(Exercise materials begins)
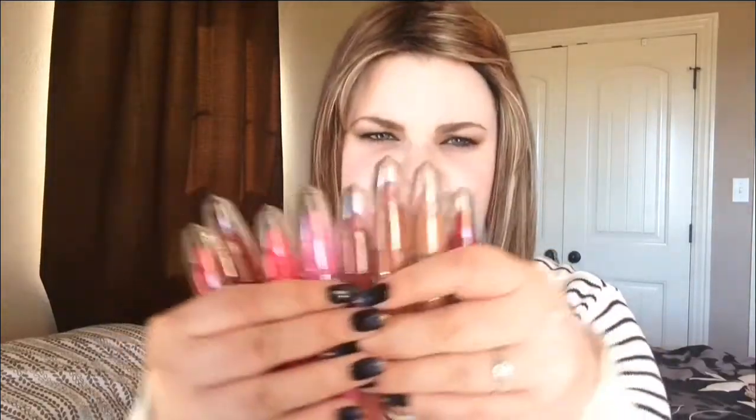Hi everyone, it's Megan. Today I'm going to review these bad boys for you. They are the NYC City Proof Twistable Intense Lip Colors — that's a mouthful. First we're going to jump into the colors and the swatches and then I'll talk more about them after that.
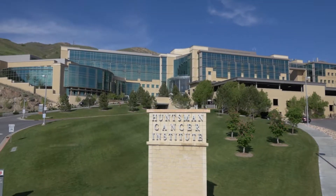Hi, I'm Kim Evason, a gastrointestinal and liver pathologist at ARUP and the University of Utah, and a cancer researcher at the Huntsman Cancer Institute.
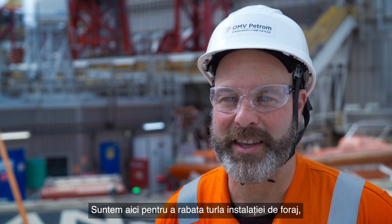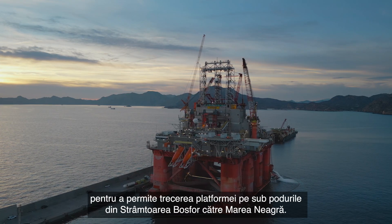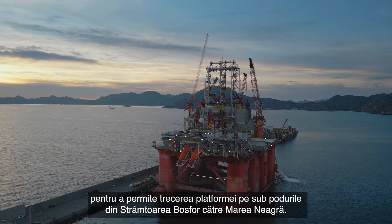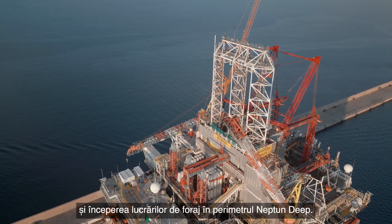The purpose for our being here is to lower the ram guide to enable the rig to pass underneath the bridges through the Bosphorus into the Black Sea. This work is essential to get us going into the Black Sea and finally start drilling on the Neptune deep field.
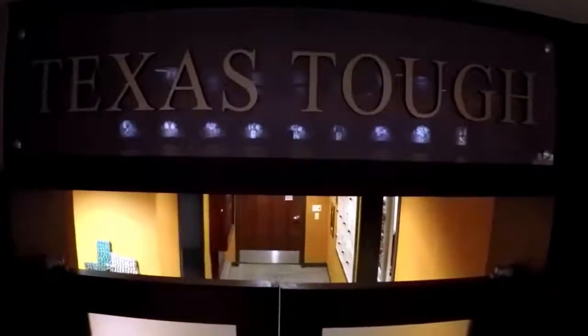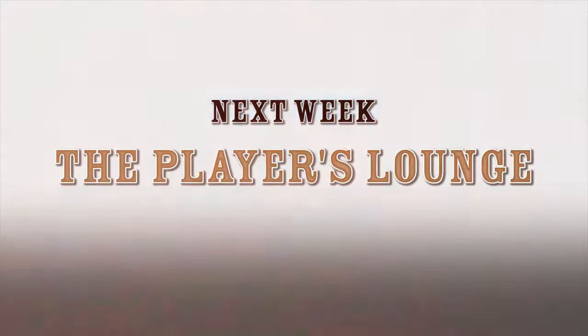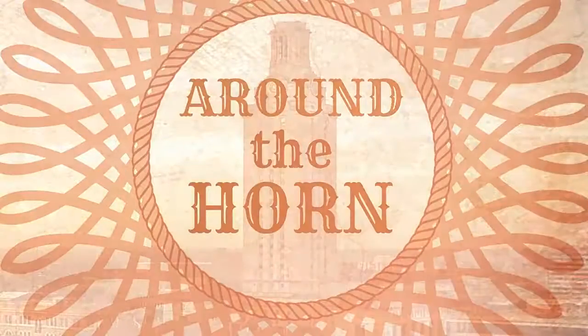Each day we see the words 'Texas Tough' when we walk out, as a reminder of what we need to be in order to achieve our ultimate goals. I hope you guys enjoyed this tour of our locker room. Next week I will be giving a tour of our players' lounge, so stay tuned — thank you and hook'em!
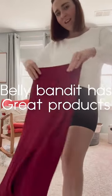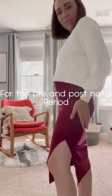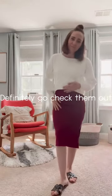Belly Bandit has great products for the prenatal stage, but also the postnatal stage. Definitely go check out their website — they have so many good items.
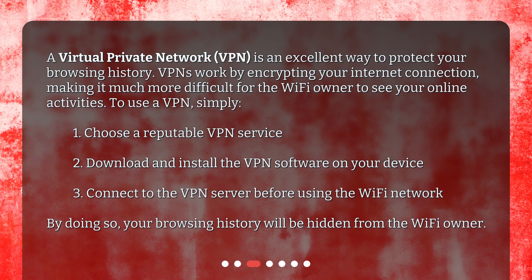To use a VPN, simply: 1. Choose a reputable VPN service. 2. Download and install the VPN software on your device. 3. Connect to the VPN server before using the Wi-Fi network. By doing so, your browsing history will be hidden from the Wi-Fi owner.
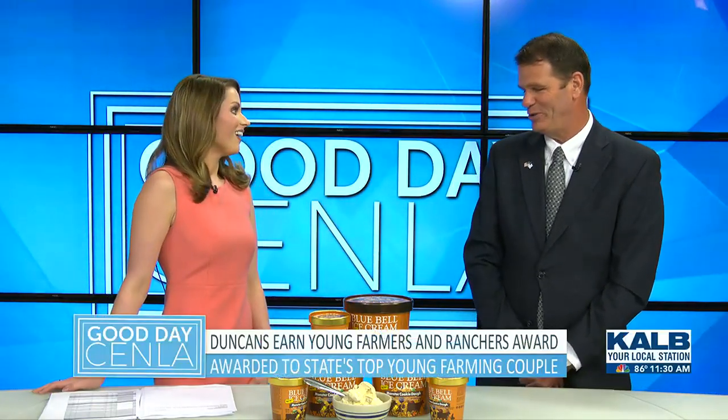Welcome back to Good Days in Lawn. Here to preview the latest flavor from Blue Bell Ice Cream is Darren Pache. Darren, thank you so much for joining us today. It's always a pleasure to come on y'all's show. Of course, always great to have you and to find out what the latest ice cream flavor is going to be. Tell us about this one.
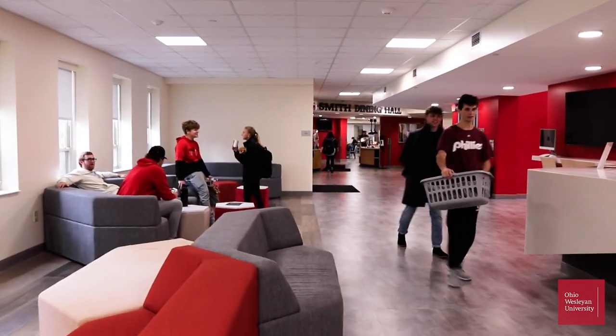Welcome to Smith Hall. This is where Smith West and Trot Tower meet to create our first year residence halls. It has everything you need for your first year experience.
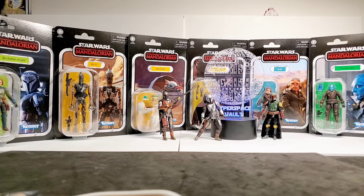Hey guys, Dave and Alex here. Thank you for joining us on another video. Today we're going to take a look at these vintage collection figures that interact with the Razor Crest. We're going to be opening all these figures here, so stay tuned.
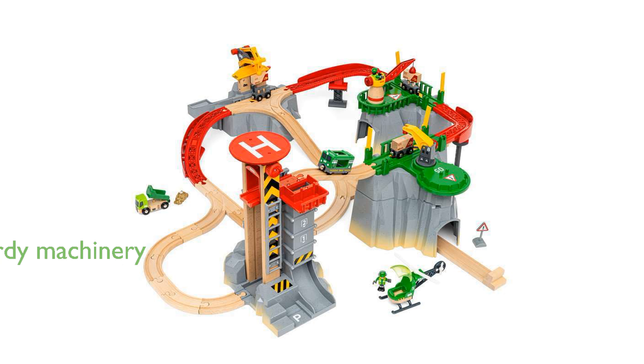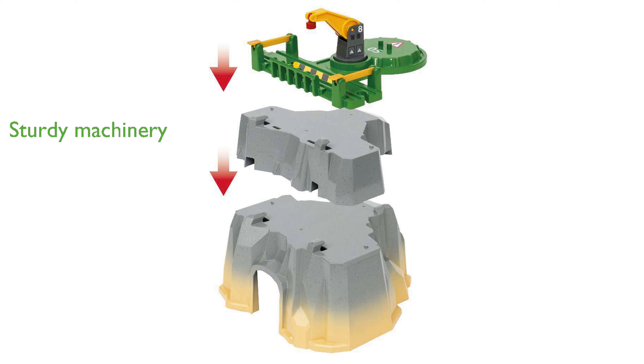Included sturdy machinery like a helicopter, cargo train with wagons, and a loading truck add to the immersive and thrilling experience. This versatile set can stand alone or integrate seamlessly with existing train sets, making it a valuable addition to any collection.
(Exercise materials ends)
(Exercise materials begins)
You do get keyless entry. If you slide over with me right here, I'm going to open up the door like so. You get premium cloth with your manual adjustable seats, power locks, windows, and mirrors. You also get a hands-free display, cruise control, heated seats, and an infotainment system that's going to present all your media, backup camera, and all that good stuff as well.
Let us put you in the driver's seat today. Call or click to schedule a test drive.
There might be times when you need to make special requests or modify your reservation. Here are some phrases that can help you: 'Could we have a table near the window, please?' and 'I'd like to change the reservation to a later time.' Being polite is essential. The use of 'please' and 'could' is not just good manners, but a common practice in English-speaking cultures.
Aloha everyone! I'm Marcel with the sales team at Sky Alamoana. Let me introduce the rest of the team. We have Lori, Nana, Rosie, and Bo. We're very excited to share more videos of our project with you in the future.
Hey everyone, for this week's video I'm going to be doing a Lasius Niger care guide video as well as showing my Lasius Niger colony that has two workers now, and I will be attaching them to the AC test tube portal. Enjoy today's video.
(Exercise materials ends)
(Exercise materials begins)
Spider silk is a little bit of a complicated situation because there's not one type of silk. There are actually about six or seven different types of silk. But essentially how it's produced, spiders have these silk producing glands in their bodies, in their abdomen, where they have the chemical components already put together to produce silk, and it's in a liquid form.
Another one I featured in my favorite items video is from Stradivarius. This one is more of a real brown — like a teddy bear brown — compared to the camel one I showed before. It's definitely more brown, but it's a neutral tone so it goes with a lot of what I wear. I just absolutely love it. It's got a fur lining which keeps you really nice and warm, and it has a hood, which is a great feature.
(Exercise materials ends)
→ The problem
Look above for the line with "Hi everyone, it's" and the line with "Hey guys, Dave". Output those two and everything between them exactly, pictures excluded.

→ Solution to this problem
Hi everyone, it's Megan. Today I'm going to review these bad boys for you. They are the NYC City Proof Twistable Intense Lip Colors — that's a mouthful. First we're going to jump into the colors and the swatches and then I'll talk more about them after that.
Hi, I'm Kim Evason, a gastrointestinal and liver pathologist at ARUP and the University of Utah, and a cancer researcher at the Huntsman Cancer Institute.
The purpose for our being here is to lower the ram guide to enable the rig to pass underneath the bridges through the Bosphorus into the Black Sea. This work is essential to get us going into the Black Sea and finally start drilling on the Neptune deep field.
Each day we see the words 'Texas Tough' when we walk out, as a reminder of what we need to be in order to achieve our ultimate goals. I hope you guys enjoyed this tour of our locker room. Next week I will be giving a tour of our players' lounge, so stay tuned — thank you and hook'em!
Belly Bandit has great products for the prenatal stage, but also the postnatal stage. Definitely go check out their website — they have so many good items.
To use a VPN, simply: 1. Choose a reputable VPN service. 2. Download and install the VPN software on your device. 3. Connect to the VPN server before using the Wi-Fi network. By doing so, your browsing history will be hidden from the Wi-Fi owner.
Welcome back to Good Days in Lawn. Here to preview the latest flavor from Blue Bell Ice Cream is Darren Pache. Darren, thank you so much for joining us today. It's always a pleasure to come on y'all's show. Of course, always great to have you and to find out what the latest ice cream flavor is going to be. Tell us about this one.
Welcome to Smith Hall. This is where Smith West and Trot Tower meet to create our first year residence halls. It has everything you need for your first year experience.
Hey guys, Dave and Alex here. Thank you for joining us on another video. Today we're going to take a look at these vintage collection figures that interact with the Razor Crest. We're going to be opening all these figures here, so stay tuned.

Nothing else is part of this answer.